This will be the last posting I make here; I want no part of a set-up which indulges in attacks on Travellers (knackers) and who allows open insults of elderly singers, no matter what mealy-mouthed excuse is given for doing so.
There is a great deal of whingeing taking place about my insulting people.
Muskett, who has consistently attacked everyone who disagrees with him, often in abusive terms and has now swamped three discussions with his persistent abusive bullying – behave like a bullying thug if that's what turns you on, but don't be surprised when you become identified as one.
By the way – you were not called a "goose-stepper" because of your ideas, but because of your 'Flashman-like' behaviour – don't suppose this will stop you from hiding behind your dishonest claims, though.

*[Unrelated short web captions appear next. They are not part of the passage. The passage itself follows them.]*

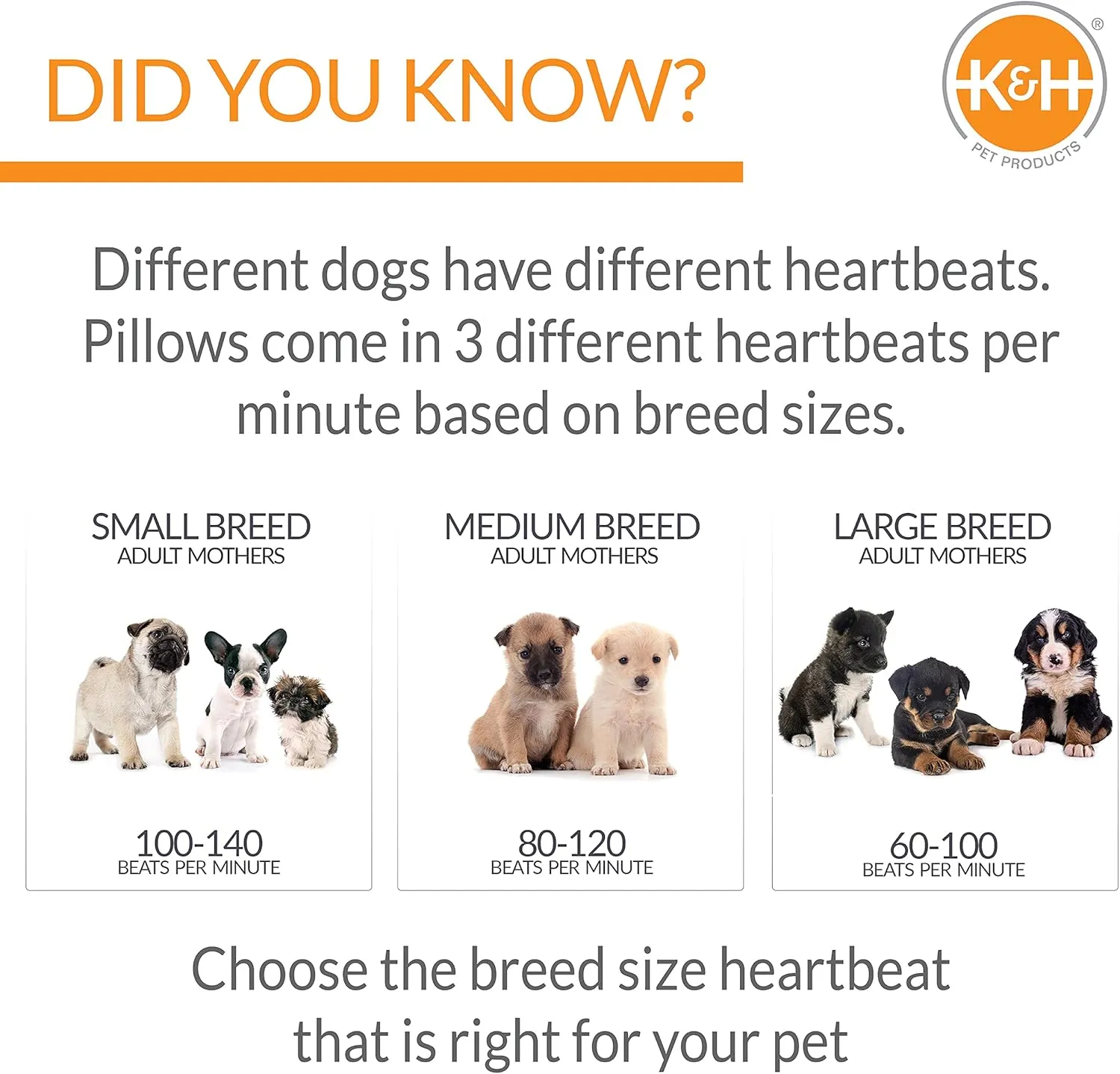 K&H Pet Products Mothers Heartbeat Puppy Crate Pad Water-Resistant Gray Medium/Large Breed Beat 21 X 31 Inches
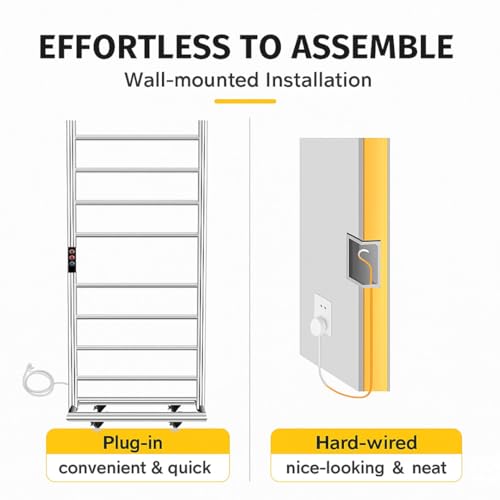 Image of MORZZE MTW-11050 Electric Towel Warmer, 8 Bars 95W SUS 304 Stainless Steel Heated Towel Rack, Floor Standing & Wall Mounted, Adjustable 30-60C, 1-8H Timer, Bathroom Towel Dryer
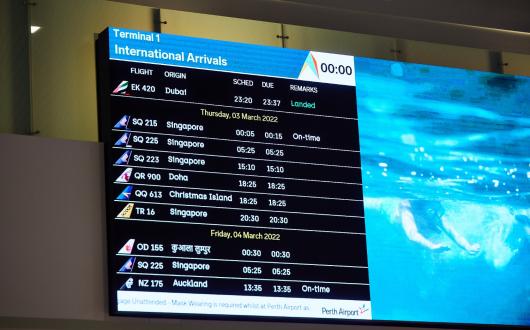 Perth airport has begun welcoming tourists again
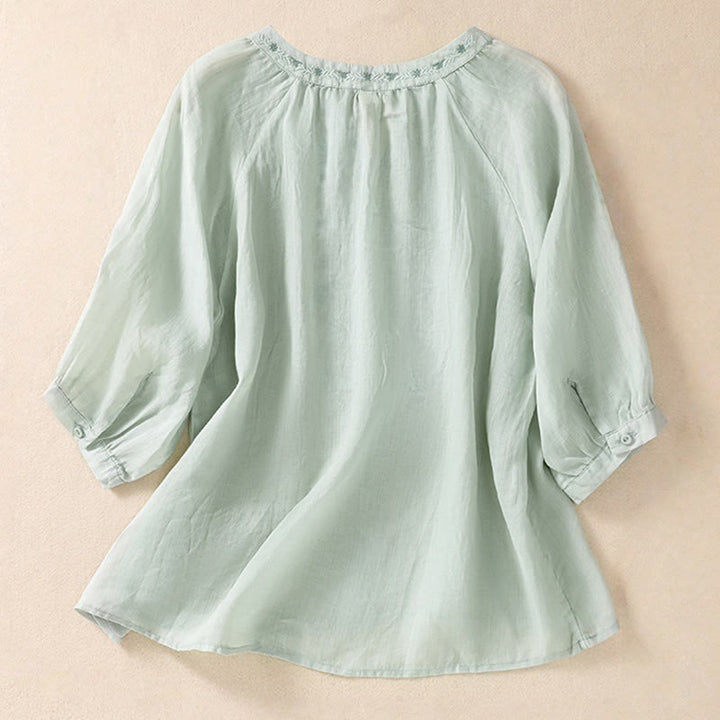 Camicia da donna in cotone e lino con maniche a tre quarti e ricamo Buddha Stones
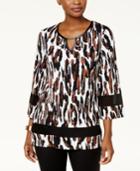 Jm Collection Cheetah-print Chiffon-trimmed Keyhole Blouse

Bryan the Snail, who appears to be incapable of addressing an arguments without couching his postings in supercilious and unfriendly terms, and whose dishonest claim of my "going into clubs brandishing a copy of '54", and "selective reading" elicited my response of "arrogant little pratt"
I have always found his attitude on this forum reminiscent of all those teachers way back, who felt that their role in life was to make us understand that our opinions were worth nothing and the sooner we understood that fact, the better we would make our way through the adult world – "arrogant pratts all".
Then there's Al, who took his harp to a party and nobody asked him to play.
In revenge, he started off by describing The Grey Cock as unfriendly (debatable, but credible), then warmed to his theme by claiming the residents to be talentless messers dressed in fishermen's smocks – an utterly ridiculous invention about a group of artists and enthusiasts with an enviable track record to show otherwise
I bothered to respond, eventually angrily, to this nonsense because I was familiar with the club, I visited it on numerous occasions and I guested there once as a singer – I knew many of the people involved personally, mainly as accomplished singers and musicians who dedicated a great deal of their time to the music I love.
I find the public denigration of any fellow devotee of music distasteful at any time, even when deserved (unless, of course, their behaviour damages that music in any way), but Al's unmerited attack was beyond the pale as far as I'm concerned.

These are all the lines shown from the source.